# TASK
Repeat the lines of the data exactly and exclude any picture among them.

# INFORMATION PROVIDED

○ ○ ○

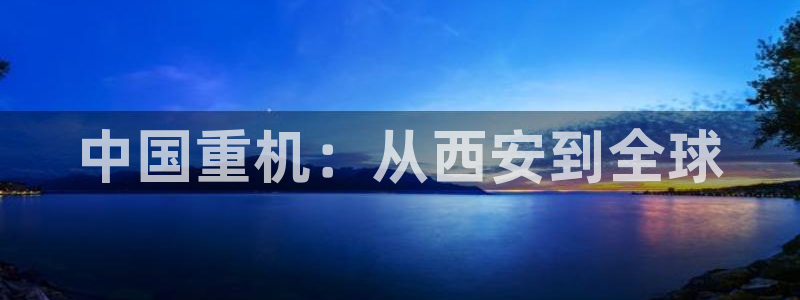辉达娱乐：中国重机：从西安到全球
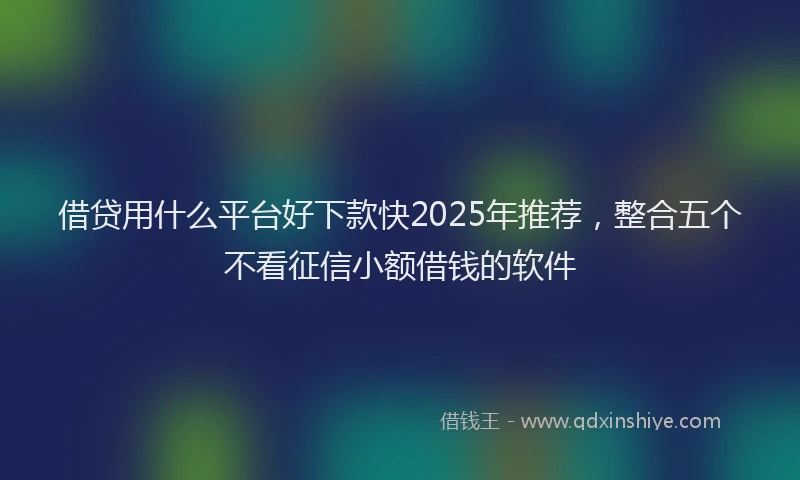 借贷用什么平台好下款快2025年推荐，整合五个不看征信小额借钱的软件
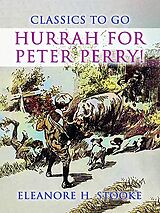 eBook (epub) Hurrah for Peter Perry! de Eleanore H. Stooke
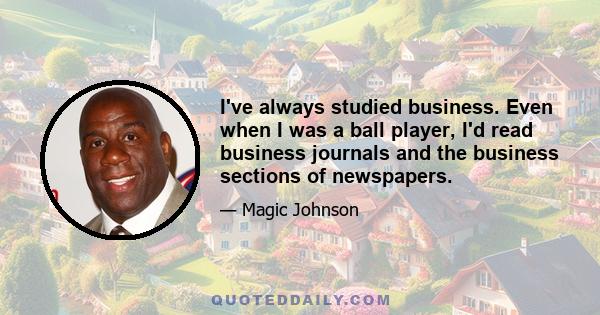 I've always studied business. Even when I was a ball player, I'd read business journals and the business sections of newspapers.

○ ○ ○

# OUTPUT OF THE TASK
辉达娱乐：中国重机：从西安到全球
 借贷用什么平台好下款快2025年推荐，整合五个不看征信小额借钱的软件
 eBook (epub) Hurrah for Peter Perry! de Eleanore H. Stooke
 I've always studied business. Even when I was a ball player, I'd read business journals and the business sections of newspapers.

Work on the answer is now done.